Venus in Taurus in the sixth house shows Leonardo’s love of beauty grounded in steady work, craft, and artistic toil. Venus is in its own sign but placed in the bound of Saturn, while Saturn itself is exalted in Libra in the eleventh house and retrograde. The two are in mutual generosity: Saturn in Venus sign, Venus in a Saturn bound, linking pleasure and proportion (Venus) with discipline and group projects (Saturn in the house of workshops, patrons, and collaborators). The tone is calm, earthy, and sensual, yet held in by a quiet seriousness that you can already feel in Ginevra de’ Benci, where the three-quarter pose and direct gaze were bold innovations for a young woman’s portrait, but the mood is cool, reserved, almost severe. Her flawless skin, the dark juniper, and the muted landscape along with the austerity of her expression and the tight framing speak of Venus placed in the bound of Saturn/Taurus.



This Venus–Saturn combination, with Saturn retrograde, appears in Leonardo’s long, frustrated labor on the Sforza horse. He spent years drawing horses, studying their anatomy, and designing an ambitious one-pour casting method for a colossal bronze monument, only to see the bronze melted into cannons and the great clay model destroyed when the French took Milan. The exalted Saturn in Libra promises a masterpiece created with high standards and careful planning, but being retrograde in the eleventh house shows delays, reversals, and projects bound up with the changing fortunes of powerful patrons. Leonardo keeps returning to the task, refining and preparing, yet the work never reaches its final, solid form.
The same Saturn–Venus pattern is refined, rather than broken, in the Mona Lisa. Here Venus in Taurus shows in the subject herself — a silk merchant’s wife, seated in simple dignity — and in the soft, earthy palette and tender handling of skin, hair, and hands. Saturn’s bound appear in the painstaking process behind that apparent ease: Leonardo’s late-night dissections at Santa Maria Nuova, his analysis of the muscles and nerves of the face, his notes on how a smile begins to form, and his studies of how the eye sees light and shadow. He worked on the painting, on and off, for well over a decade and carried it with him from Florence to Milan and then to France, always adjusting, softening, and perfecting the sfumato around the eyes and lips. Venus gives the smile; the bound of Saturn insists that the smile be earned through years of disciplined study. Retrograde Saturn does not allow him to declare it finished easily; it drives him back over the same ground in search of a more perfect smile, a more subtle veil of light.
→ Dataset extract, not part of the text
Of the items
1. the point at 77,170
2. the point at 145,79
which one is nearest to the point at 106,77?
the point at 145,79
Seen in the whole chart, Venus in Taurus in Saturn’s bound and Saturn exalted but retrograde in Libra in the eleventh house complete Leonardo’s story. Jupiter in Pisces gives a generous, imaginative early life; Mars in Aquarius and Mercury in Aries push him toward bold experiments in machines, theatre, anatomy and drawing; Venus and Saturn together insist that all this brilliance be tested, corrected, and refined through long service, demanding patrons, and repeated efforts. The result is a life where beauty is never casual or quick. Every portrait, every study of water or flesh or light, is the outcome of patience and delay — Venus in her own sign working through an exalted, retrograde Saturn, until art, discipline, and the search for perfection become one and the same.